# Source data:
━━━━━━━━━━
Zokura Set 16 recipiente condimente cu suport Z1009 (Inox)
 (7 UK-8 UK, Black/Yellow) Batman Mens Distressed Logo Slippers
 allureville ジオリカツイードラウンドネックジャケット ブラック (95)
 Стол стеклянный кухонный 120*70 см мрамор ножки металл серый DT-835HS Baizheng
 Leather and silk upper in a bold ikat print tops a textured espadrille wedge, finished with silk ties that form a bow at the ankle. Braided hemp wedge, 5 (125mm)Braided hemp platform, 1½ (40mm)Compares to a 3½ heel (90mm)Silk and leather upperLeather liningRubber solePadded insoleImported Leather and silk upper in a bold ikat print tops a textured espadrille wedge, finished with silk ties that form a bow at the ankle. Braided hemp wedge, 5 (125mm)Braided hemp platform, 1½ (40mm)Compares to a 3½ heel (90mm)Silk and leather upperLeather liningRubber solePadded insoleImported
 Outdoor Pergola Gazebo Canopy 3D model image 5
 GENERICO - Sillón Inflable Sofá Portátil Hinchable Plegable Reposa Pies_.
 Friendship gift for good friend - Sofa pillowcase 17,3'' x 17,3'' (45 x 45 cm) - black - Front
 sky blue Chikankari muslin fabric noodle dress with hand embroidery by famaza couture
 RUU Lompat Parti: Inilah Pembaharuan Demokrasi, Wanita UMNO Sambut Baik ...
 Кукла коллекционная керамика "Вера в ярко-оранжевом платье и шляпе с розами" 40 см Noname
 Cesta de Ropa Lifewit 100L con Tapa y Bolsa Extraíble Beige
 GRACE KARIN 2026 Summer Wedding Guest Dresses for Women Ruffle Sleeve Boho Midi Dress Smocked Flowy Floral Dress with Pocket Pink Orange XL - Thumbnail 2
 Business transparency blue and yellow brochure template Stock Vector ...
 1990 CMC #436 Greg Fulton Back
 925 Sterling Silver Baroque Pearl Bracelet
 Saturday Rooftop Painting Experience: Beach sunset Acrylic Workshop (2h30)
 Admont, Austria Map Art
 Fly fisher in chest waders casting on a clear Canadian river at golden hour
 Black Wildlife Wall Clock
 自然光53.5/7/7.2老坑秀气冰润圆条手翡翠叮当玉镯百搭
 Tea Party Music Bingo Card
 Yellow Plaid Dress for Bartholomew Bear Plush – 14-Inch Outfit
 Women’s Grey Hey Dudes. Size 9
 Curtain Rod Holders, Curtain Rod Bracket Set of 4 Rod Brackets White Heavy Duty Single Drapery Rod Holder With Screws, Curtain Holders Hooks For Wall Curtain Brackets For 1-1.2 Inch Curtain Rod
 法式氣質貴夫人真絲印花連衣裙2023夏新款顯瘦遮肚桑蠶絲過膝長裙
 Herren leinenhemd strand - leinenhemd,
━━━━━━━━━━
# Task objective:
Of the entries above, transcribe exactly those lines that fall between the line containing "Стол стеклянный кухонный" and the line containing "Admont, Austria Map Art", together with those two lines.

# Exercise answer:
 Стол стеклянный кухонный 120*70 см мрамор ножки металл серый DT-835HS Baizheng
 Leather and silk upper in a bold ikat print tops a textured espadrille wedge, finished with silk ties that form a bow at the ankle. Braided hemp wedge, 5 (125mm)Braided hemp platform, 1½ (40mm)Compares to a 3½ heel (90mm)Silk and leather upperLeather liningRubber solePadded insoleImported Leather and silk upper in a bold ikat print tops a textured espadrille wedge, finished with silk ties that form a bow at the ankle. Braided hemp wedge, 5 (125mm)Braided hemp platform, 1½ (40mm)Compares to a 3½ heel (90mm)Silk and leather upperLeather liningRubber solePadded insoleImported
 Outdoor Pergola Gazebo Canopy 3D model image 5
 GENERICO - Sillón Inflable Sofá Portátil Hinchable Plegable Reposa Pies_.
 Friendship gift for good friend - Sofa pillowcase 17,3'' x 17,3'' (45 x 45 cm) - black - Front
 sky blue Chikankari muslin fabric noodle dress with hand embroidery by famaza couture
 RUU Lompat Parti: Inilah Pembaharuan Demokrasi, Wanita UMNO Sambut Baik ...
 Кукла коллекционная керамика "Вера в ярко-оранжевом платье и шляпе с розами" 40 см Noname
 Cesta de Ropa Lifewit 100L con Tapa y Bolsa Extraíble Beige
 GRACE KARIN 2026 Summer Wedding Guest Dresses for Women Ruffle Sleeve Boho Midi Dress Smocked Flowy Floral Dress with Pocket Pink Orange XL - Thumbnail 2
 Business transparency blue and yellow brochure template Stock Vector ...
 1990 CMC #436 Greg Fulton Back
 925 Sterling Silver Baroque Pearl Bracelet
 Saturday Rooftop Painting Experience: Beach sunset Acrylic Workshop (2h30)
 Admont, Austria Map Art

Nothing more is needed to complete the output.